Iraqi involvement in Iraq - requires genuine representation, not token figures.
 
Iraqi weapons of mass destruction look like weapons of no destruction.
 
Economic - main contracts for the reconstruction will go to American companies, foreign companies “might be considered”.
 
North Korea: “axis of evil”, because of Iraq many of the developments there have gone almost unnoticed. Important - withdrawal from the Nuclear Non-proliferation Treaty. Launched two missiles into the Sea of Japan. US intelligence claim that Pyongyang is now pressing full steam ahead with its nuclear weapons programme. North Korea has 1416 km border with China, 238 km with South Korea, 19 km with Russia. Interests of those countries?
 
Iran - 3 times bigger than Iran, creator of Hezbollah, arguably world’s most lethal terrorist organisation + Syria
 
 
EU - can act as a counter-balance to the US? Tensions within - e.g.

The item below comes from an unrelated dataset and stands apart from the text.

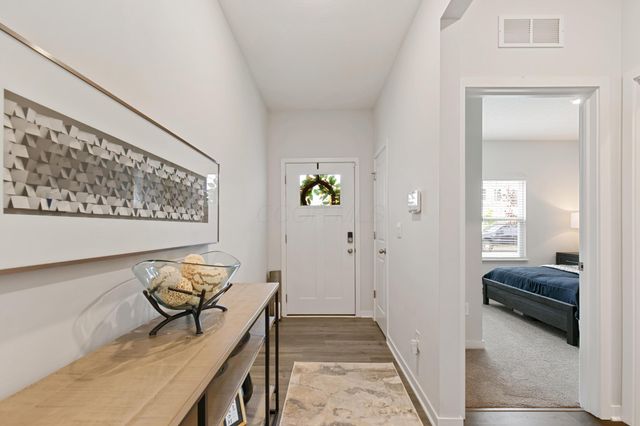 6253 Renner Park Drive, Columbus, OH 43228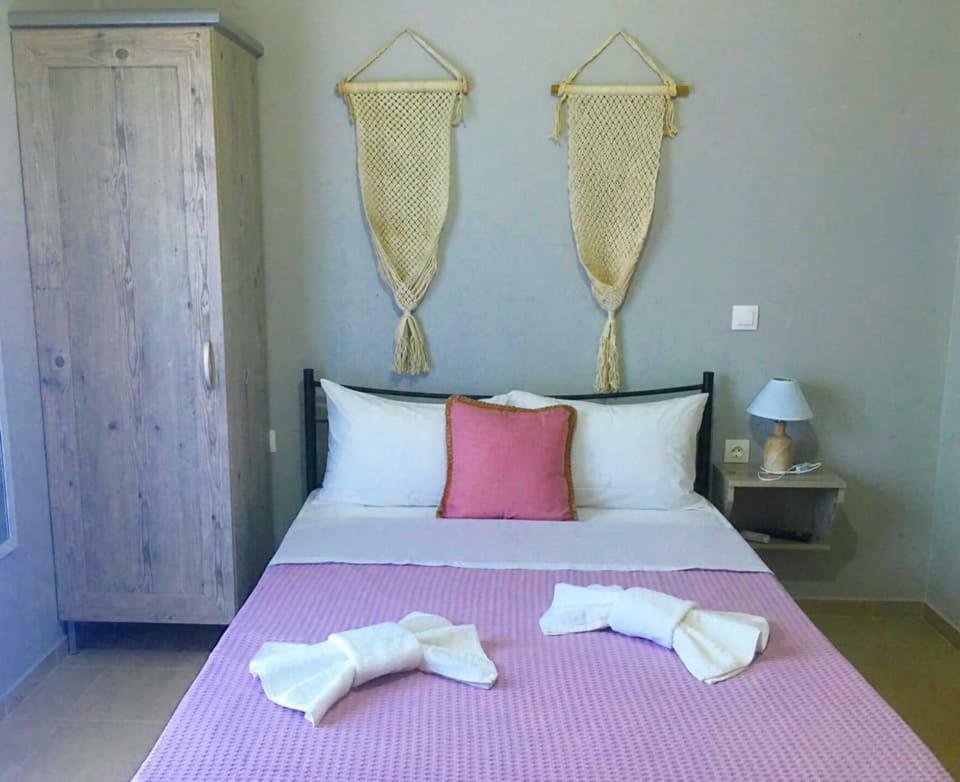 Almira - Rooms To Let Неа-Рода Экстерьер фото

Donald Rumsfeld distinguished between New and Old Europe.
 
 
International law - in the West law is an attempt to live by negotiated solutions, in Islamic world law is used to impose moral and religious conformity. Danger that US may use its power to enforce a moral code unacceptable to many.
 
The argument is that, to endure, any system of international relations must be law-based, even though supported by power. There must be generally agreed rules, or understandings, that are binding on all the actors. We reject therefore the Kagan thesis that a peaceful world requires one law-breaker to enforce the peace.
 
The United States made little attempt to maintain the agreed position on terrorism readily established after the outrage of 11 September 2001. It bypassed the United Nations, ignoring the dissent of three of the five permanent members of the Security Council. The contrast between the world coalition assembled for the Gulf War of 1991and the 'coalition of the willing' (essentially the USA and Britain) which carried out the war on Iraq in 2003 could not have been starker.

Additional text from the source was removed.